**GOAL OF THE EXERCISE:**
Your answer must be the exact lines of the listing below that run from the line with "Understanding Avalanche Control: A" to the line with "Machines controlled by", ends included, and no pictures.

**STORED DATA:**
—————

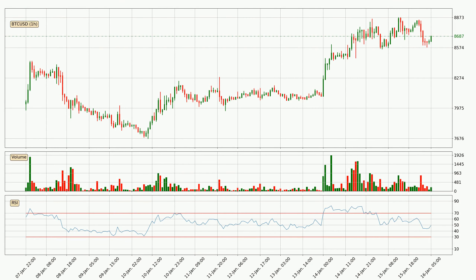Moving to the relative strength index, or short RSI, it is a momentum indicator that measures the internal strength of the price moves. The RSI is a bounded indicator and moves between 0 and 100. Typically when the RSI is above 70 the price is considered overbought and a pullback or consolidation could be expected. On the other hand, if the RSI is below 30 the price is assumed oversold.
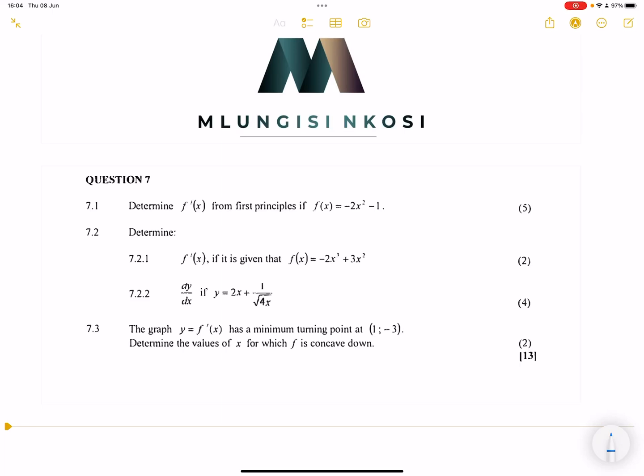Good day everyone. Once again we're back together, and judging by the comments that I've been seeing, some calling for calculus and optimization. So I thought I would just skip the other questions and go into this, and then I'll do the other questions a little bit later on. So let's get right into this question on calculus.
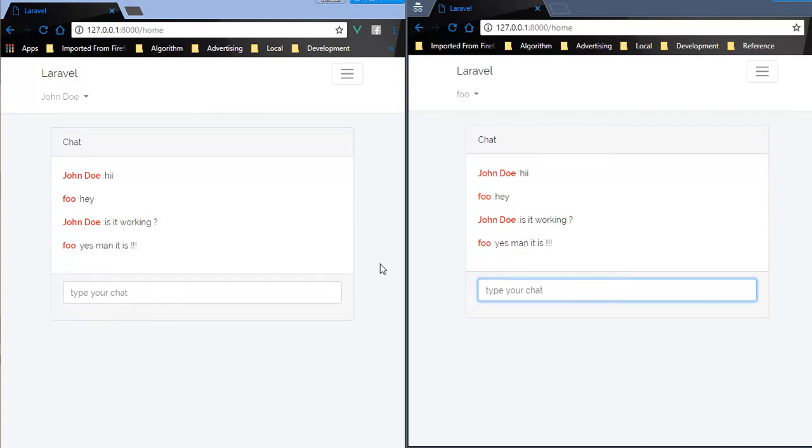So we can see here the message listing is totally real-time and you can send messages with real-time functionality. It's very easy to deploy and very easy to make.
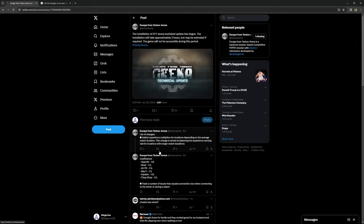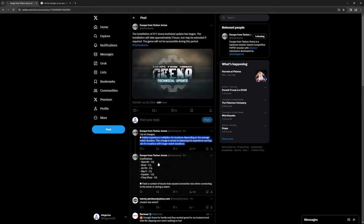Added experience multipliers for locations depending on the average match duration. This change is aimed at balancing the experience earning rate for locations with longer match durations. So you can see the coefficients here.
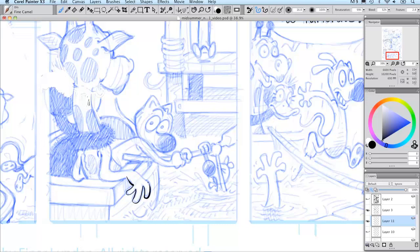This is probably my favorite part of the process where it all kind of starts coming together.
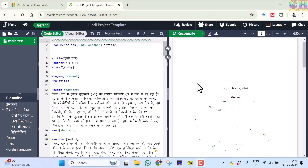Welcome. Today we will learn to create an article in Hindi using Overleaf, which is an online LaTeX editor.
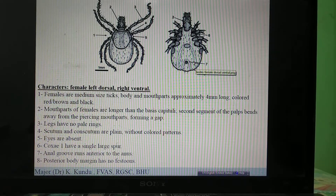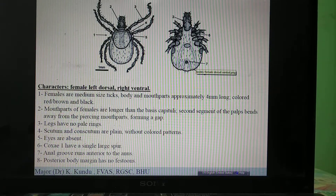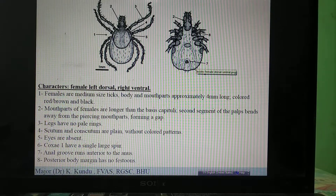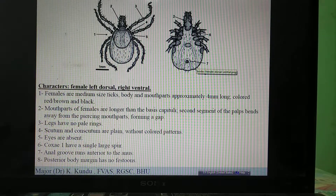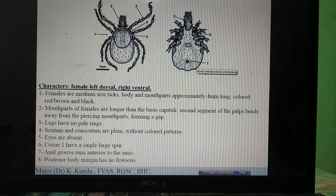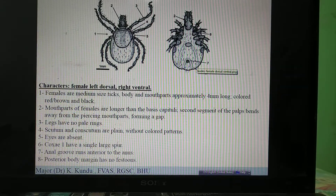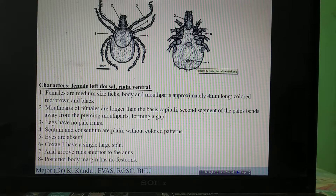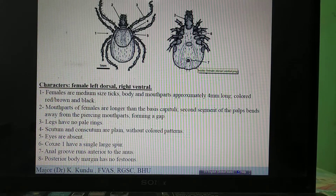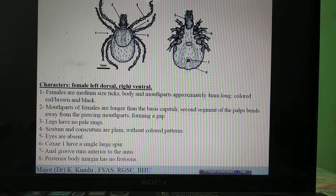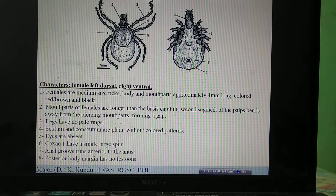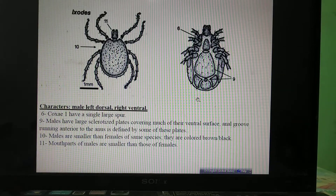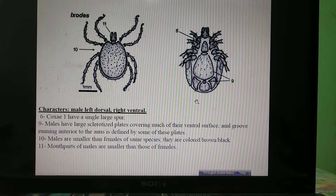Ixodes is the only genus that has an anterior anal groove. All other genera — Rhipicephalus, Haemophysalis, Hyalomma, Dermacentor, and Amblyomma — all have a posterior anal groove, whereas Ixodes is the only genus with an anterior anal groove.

—————

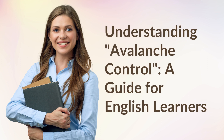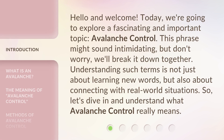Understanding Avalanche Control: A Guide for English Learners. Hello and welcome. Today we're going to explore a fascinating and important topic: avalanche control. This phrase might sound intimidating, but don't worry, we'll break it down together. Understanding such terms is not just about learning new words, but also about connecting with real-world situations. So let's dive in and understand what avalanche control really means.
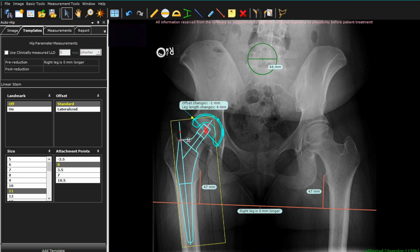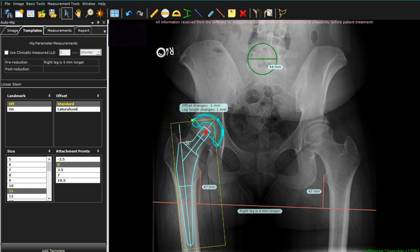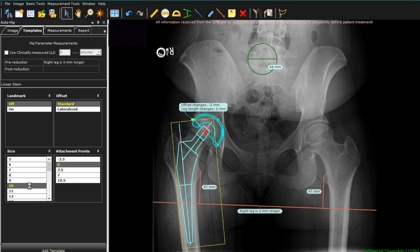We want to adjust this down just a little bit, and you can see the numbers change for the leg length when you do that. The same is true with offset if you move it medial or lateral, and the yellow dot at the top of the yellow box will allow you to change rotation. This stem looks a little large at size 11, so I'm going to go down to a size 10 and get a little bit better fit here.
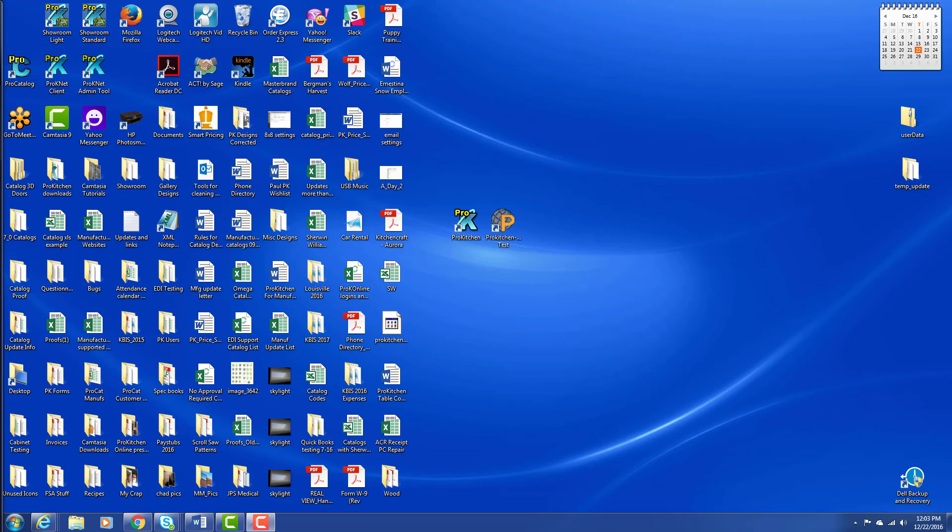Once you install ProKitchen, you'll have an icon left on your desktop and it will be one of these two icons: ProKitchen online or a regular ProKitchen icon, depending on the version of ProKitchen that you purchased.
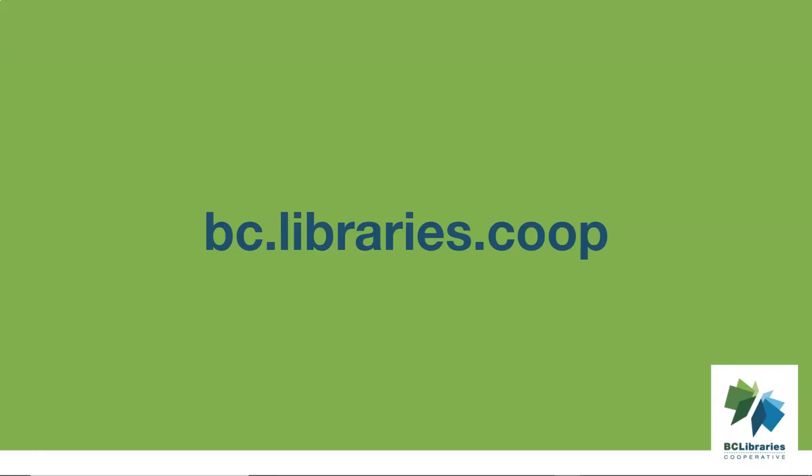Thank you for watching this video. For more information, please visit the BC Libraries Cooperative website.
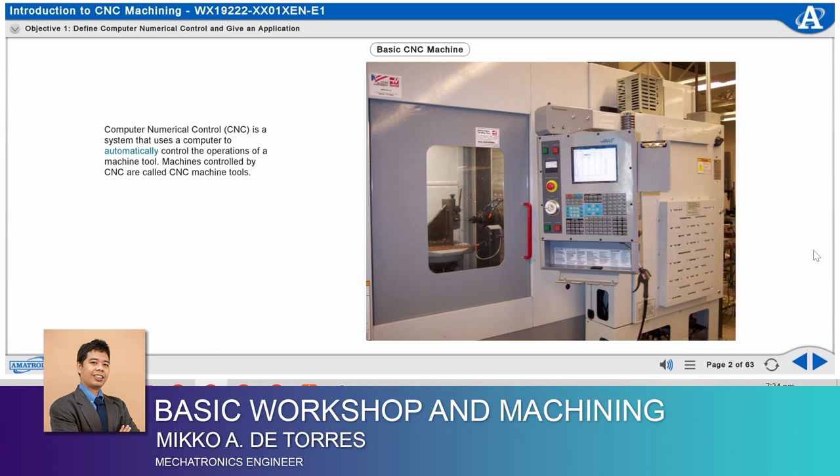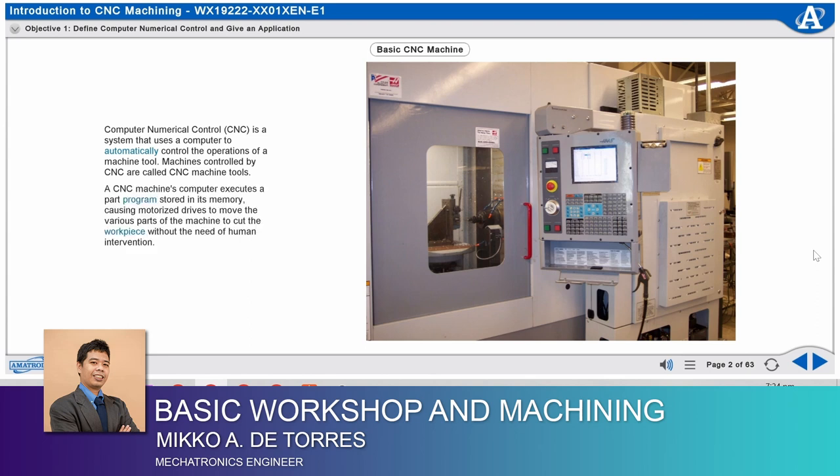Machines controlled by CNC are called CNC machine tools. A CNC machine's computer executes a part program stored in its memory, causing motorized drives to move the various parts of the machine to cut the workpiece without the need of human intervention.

—————

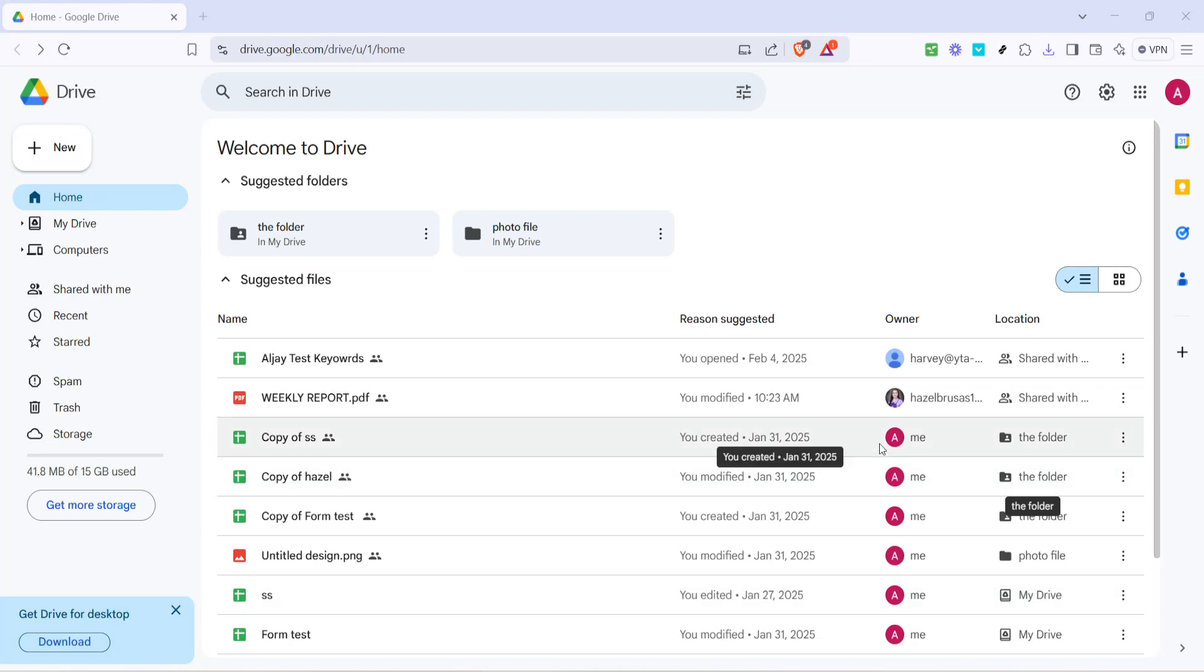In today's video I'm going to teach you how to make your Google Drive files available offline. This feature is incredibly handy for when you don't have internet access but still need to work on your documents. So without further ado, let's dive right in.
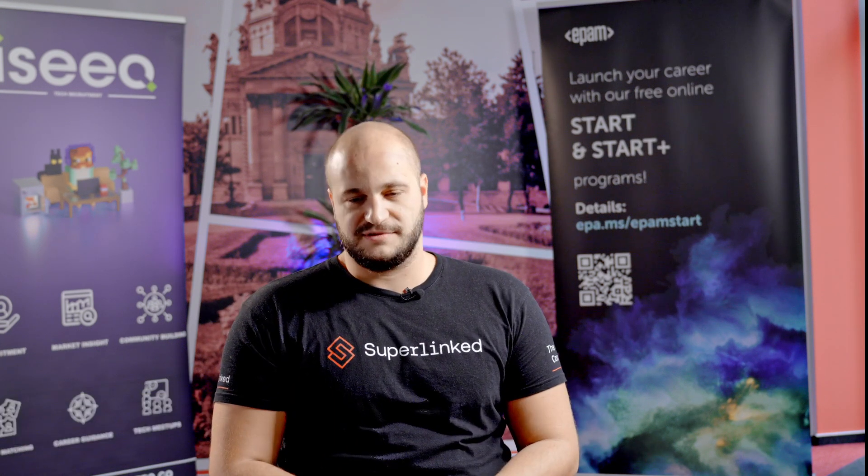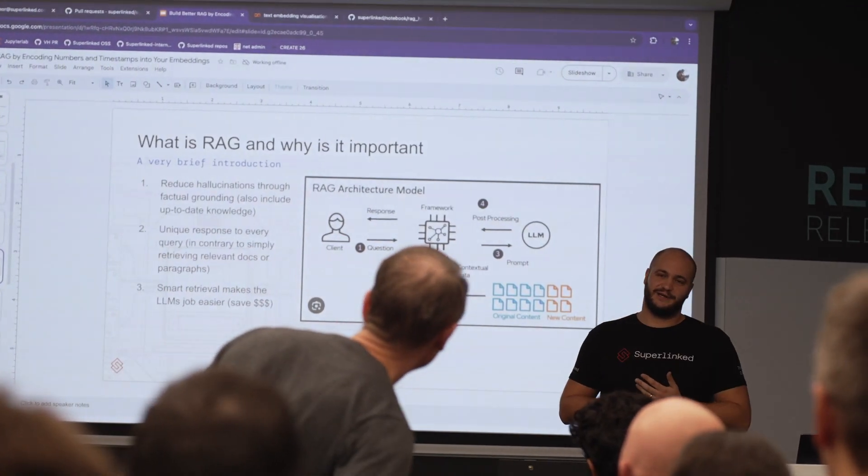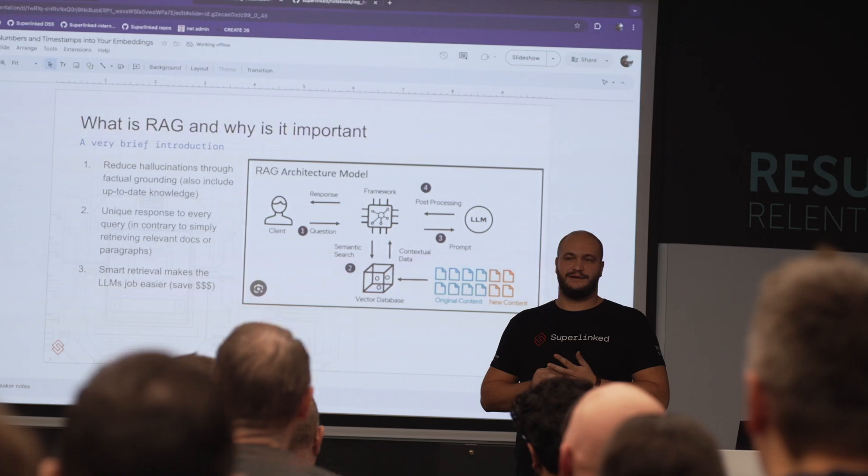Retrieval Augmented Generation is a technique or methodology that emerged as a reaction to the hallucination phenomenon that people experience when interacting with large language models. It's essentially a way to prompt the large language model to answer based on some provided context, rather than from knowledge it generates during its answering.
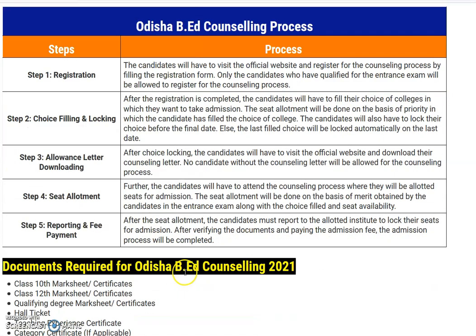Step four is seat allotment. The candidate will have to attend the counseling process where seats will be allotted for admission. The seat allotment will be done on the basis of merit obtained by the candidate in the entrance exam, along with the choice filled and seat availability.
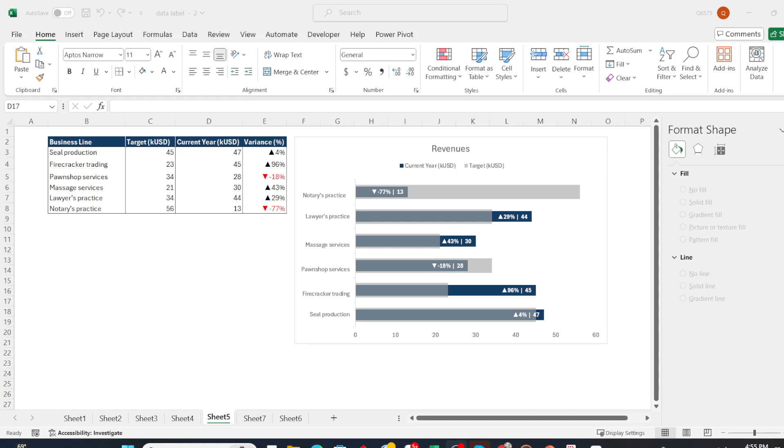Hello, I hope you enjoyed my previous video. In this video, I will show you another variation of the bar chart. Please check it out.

—————

**SOLUTION FOR THIS PROBLEM:**
Understanding Avalanche Control: A Guide for English Learners. Hello and welcome. Today we're going to explore a fascinating and important topic: avalanche control. This phrase might sound intimidating, but don't worry, we'll break it down together. Understanding such terms is not just about learning new words, but also about connecting with real-world situations. So let's dive in and understand what avalanche control really means.
We want to adjust this down just a little bit, and you can see the numbers change for the leg length when you do that. The same is true with offset if you move it medial or lateral, and the yellow dot at the top of the yellow box will allow you to change rotation. This stem looks a little large at size 11, so I'm going to go down to a size 10 and get a little bit better fit here.
Once you install ProKitchen, you'll have an icon left on your desktop and it will be one of these two icons: ProKitchen online or a regular ProKitchen icon, depending on the version of ProKitchen that you purchased.
Thank you for watching this video. For more information, please visit the BC Libraries Cooperative website.
Machines controlled by CNC are called CNC machine tools. A CNC machine's computer executes a part program stored in its memory, causing motorized drives to move the various parts of the machine to cut the workpiece without the need of human intervention.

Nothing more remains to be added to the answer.